Next, our minds only naturally got to wondering what some of the most popular toys have been since we first opened all those Christmases ago. So, with our inquisitive minds leading the way, we researched it and here they are – the top toys on every kids Christmas list for each year Stuckey’s has been in business:

1937 Pedal Cars: How apt is it that this was the most popular gift the same year that Stuckey’s got its start?
1938 Red Ryder BB Gun: “You’ll shoot your eye out, kid!”
1939 Army Men: Though first produced in 1938, the popularity of these little green men really took off after World War II began in 1939.
1940 Soap Bubbles: Okay, so bubbles have been around practically since the beginning of physics, but in 1940 when Chemtoy began bottling its own bubble solution, blowing bubbles became really *POP*-ular
1941 Tinkertoys: Invented by stonemason Charles H. Pajeau, who designed the toy after seeing children play with sticks and empty spools of thread.
1942 Little Golden Books: Hundreds of thousands of these little books were sold for a quarter each in their first year thanks to their low costs compared to other children’s books.
1943 Chutes and Ladders:  Milton Bradley brought the popular Indian game Snakes and Ladders to America, changed its name to Chutes and Ladders, and became an immediate hit in time for Christmas 1943.  
1944 Dick Tracy Junior Detective Kit: In 1944, every kid asked Santa for the Dick Tracy Junior Detective Kit, complete with a manual, suspect information, a badge, a secret decoder, a membership card and more, just like the big guy.

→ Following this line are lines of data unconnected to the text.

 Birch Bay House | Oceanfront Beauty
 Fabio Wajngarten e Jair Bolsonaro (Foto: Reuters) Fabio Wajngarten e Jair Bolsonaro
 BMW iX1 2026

1945 Slinky: This “wonderful, wonderful toy” was invented by mechanical engineer Richard James who accidently knocked over one of the springs he was designing and noticed it walked down the shelf on its own accord.

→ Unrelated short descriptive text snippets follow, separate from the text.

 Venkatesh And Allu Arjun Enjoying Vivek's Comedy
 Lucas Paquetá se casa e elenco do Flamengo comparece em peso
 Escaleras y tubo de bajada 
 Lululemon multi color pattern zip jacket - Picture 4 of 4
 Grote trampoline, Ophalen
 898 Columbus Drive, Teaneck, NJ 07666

1946 Penny Toys: These brightly-colored, metal wind-up toys were made in post-war Germany and Japan and flooded the U.S. market after the war.
1947 Electric Football: BZZZZZZZZzzzzzZZZZZZZzzzzzzzzZZZZZzzzZZZZZZZZZzzzzzzzzz! (We’re sure parents didn’t find this toy annoying at all.)
1948 Tinymite Radio:  a crystal radio for kids so they could tune into Dick Tracy, the Green Hornet, and the Cisco Kid.
1949 Silly Putty: Chemical engineer James Wright accidentally created Silly Putty while attempting to create a new synthetic rubber; after taking it home to his kids, they started stretching it, bouncing it, and (we assume) they used it to transfer comics. As a result, Wright turned it into a toy.  
1950 Magic 8 Ball: Originally created in the shape of a tube by Albert C. Carter, a psychic’s son, novelty promoter Abe Bookman turned it into a crystal ball, and Brunswick Billiards turned it into an 8 ball as a promotional item (perhaps inspired by the Three Stooges). What’s the chance of you still getting one for Christmas in 2021? “Outlook good.”
1951  View Master: The closest we came to virtual reality as kids was the View Master 3D Viewer. The modern version of the stereoscope was first created for 3D nature photographs from around the world. Walt Disney changed that in 1951 when his television films became the subject of the View Master’s reels.  
1952 Mr. Potato Head: The first Mr. Potato Head only came with the parts of the face. Kids provided their own potato. You can also thank Mr. Potato Head for being the first toy to have its own commercial.   
1953 Matchbox Cars: When inventor Jack Odell’s daughter could only take toys to school that could fit in a matchbox, he created these little die-cast cars she could take to school. When the other kids saw them, they fell in love with them and a legend was born.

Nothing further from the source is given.